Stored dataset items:
════════════════

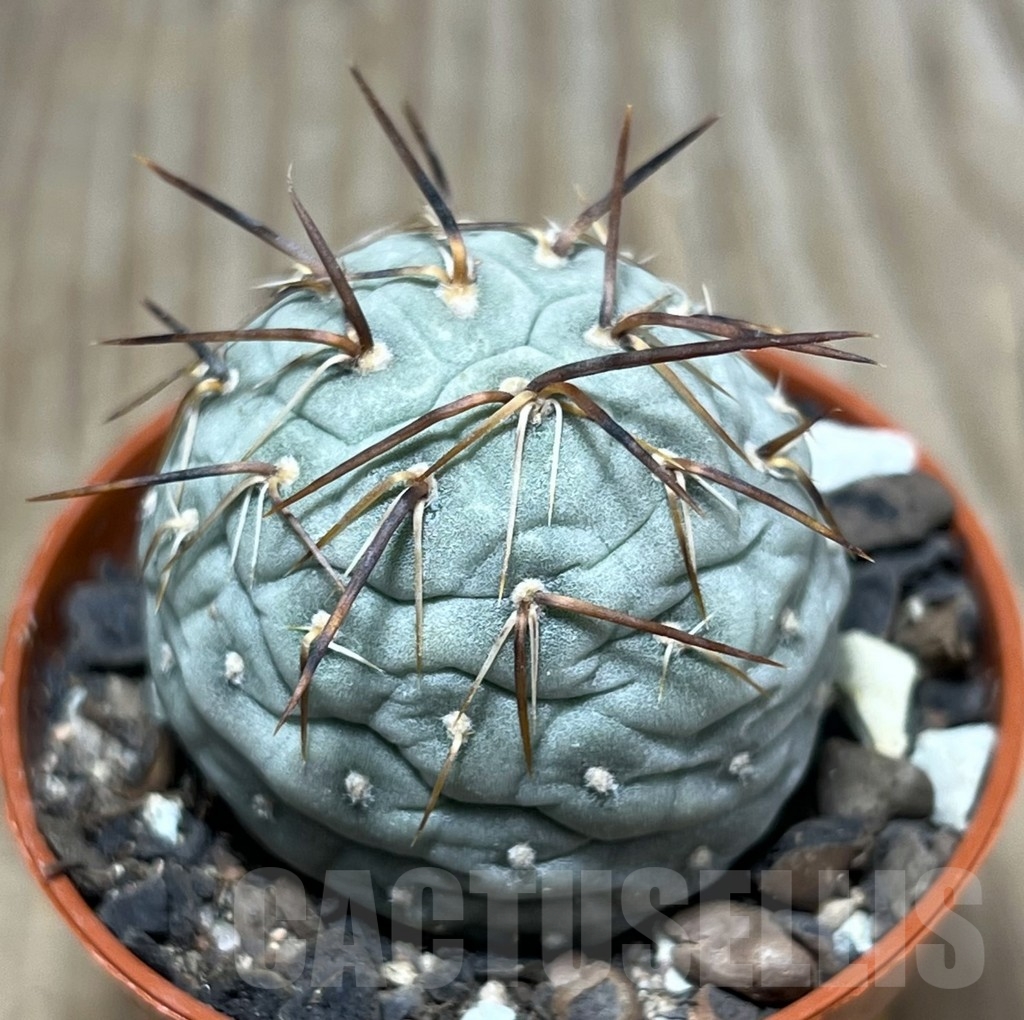 SHPR24769 Tephrocactus geometricus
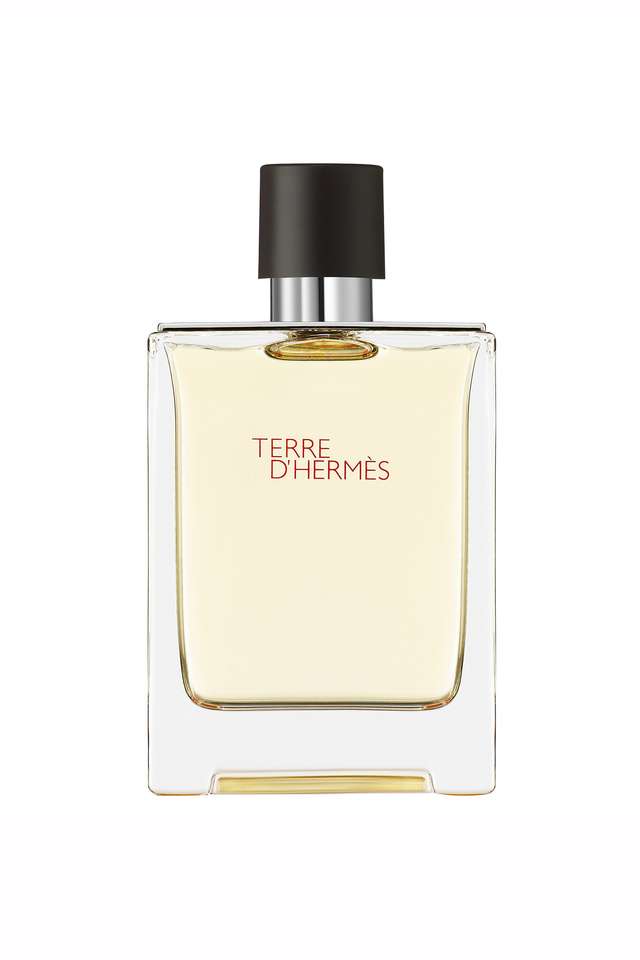 Buy Hermes nocolor Hermes Terre d'Herm s Eau de Toilette 100ml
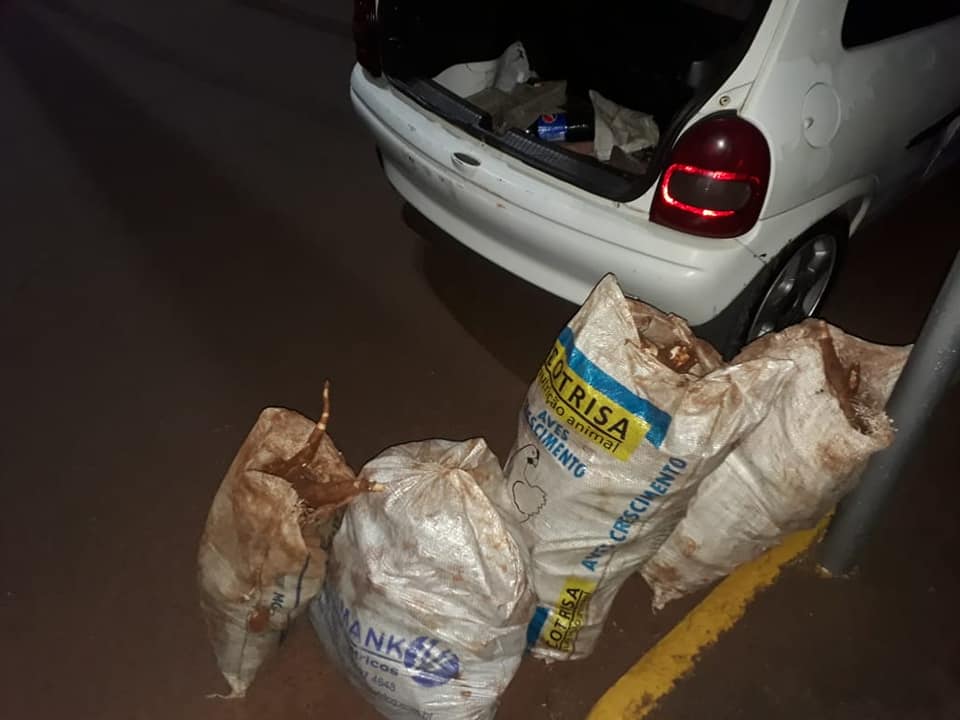 Foto: (Divulgação) BM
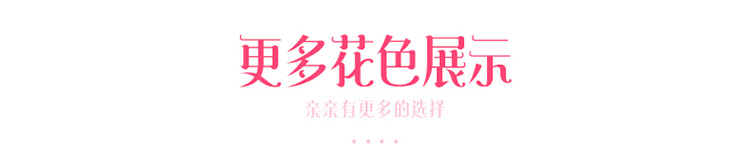 Giường lưới màu đỏ cotton bốn mảnh cotton công chúa gió ren màu rắn chăn mền phủ giường loại váy 1,5 / 1,8m - Váy Petti ga giường viền họa tiết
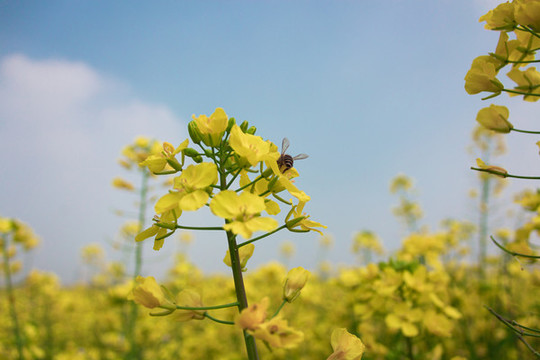 油菜花和蜜蜂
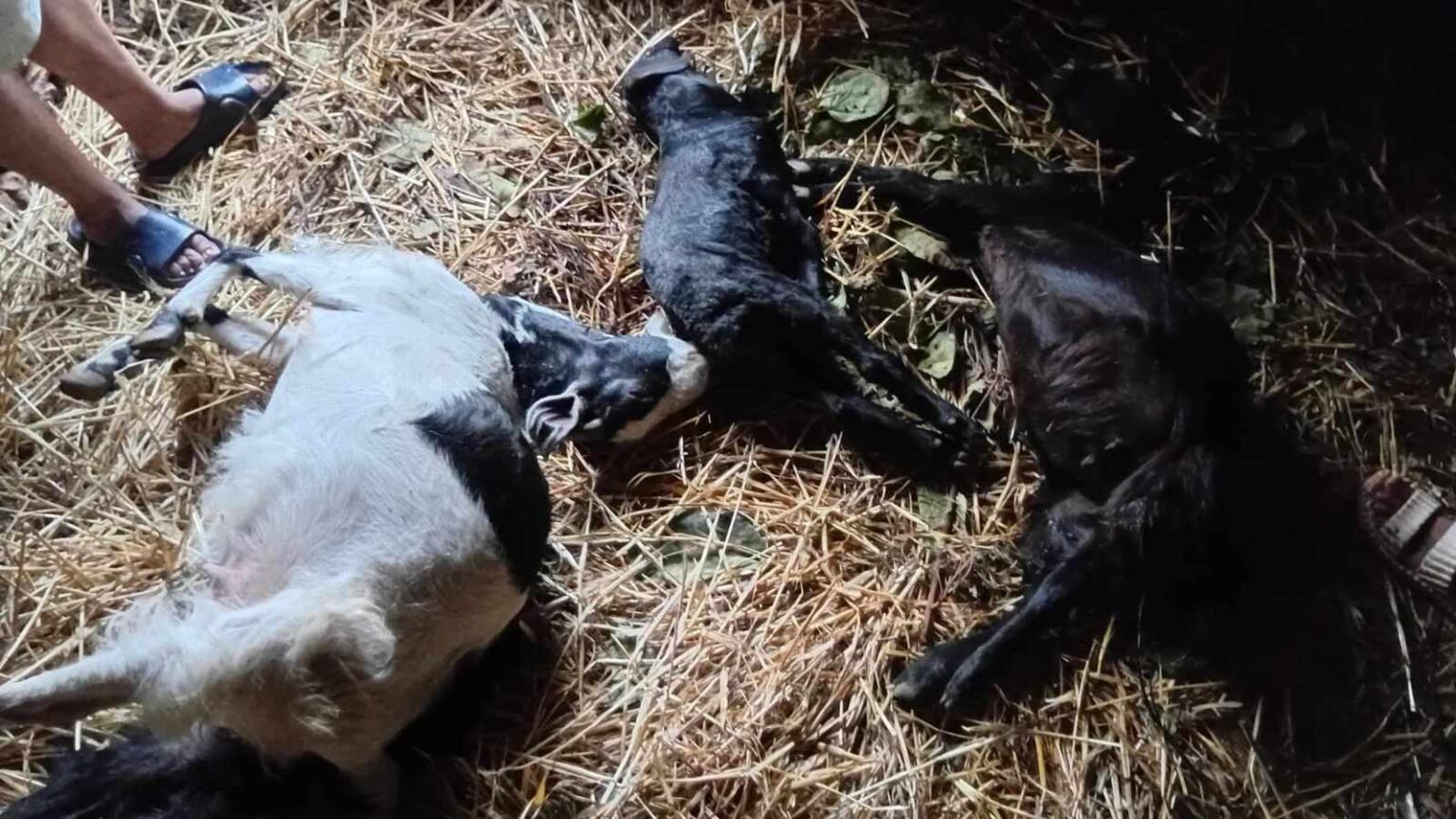 अछाममा चट्याङ लागेर एक महिला घाइते, ३ बाख्रा मरे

════════════════

Exercise
The answer must be an exact copy of the records, with no images in it.

Result below
 SHPR24769 Tephrocactus geometricus
 Buy Hermes nocolor Hermes Terre d'Herm s Eau de Toilette 100ml
 Foto: (Divulgação) BM
 Giường lưới màu đỏ cotton bốn mảnh cotton công chúa gió ren màu rắn chăn mền phủ giường loại váy 1,5 / 1,8m - Váy Petti ga giường viền họa tiết
 油菜花和蜜蜂
 अछाममा चट्याङ लागेर एक महिला घाइते, ३ बाख्रा मरे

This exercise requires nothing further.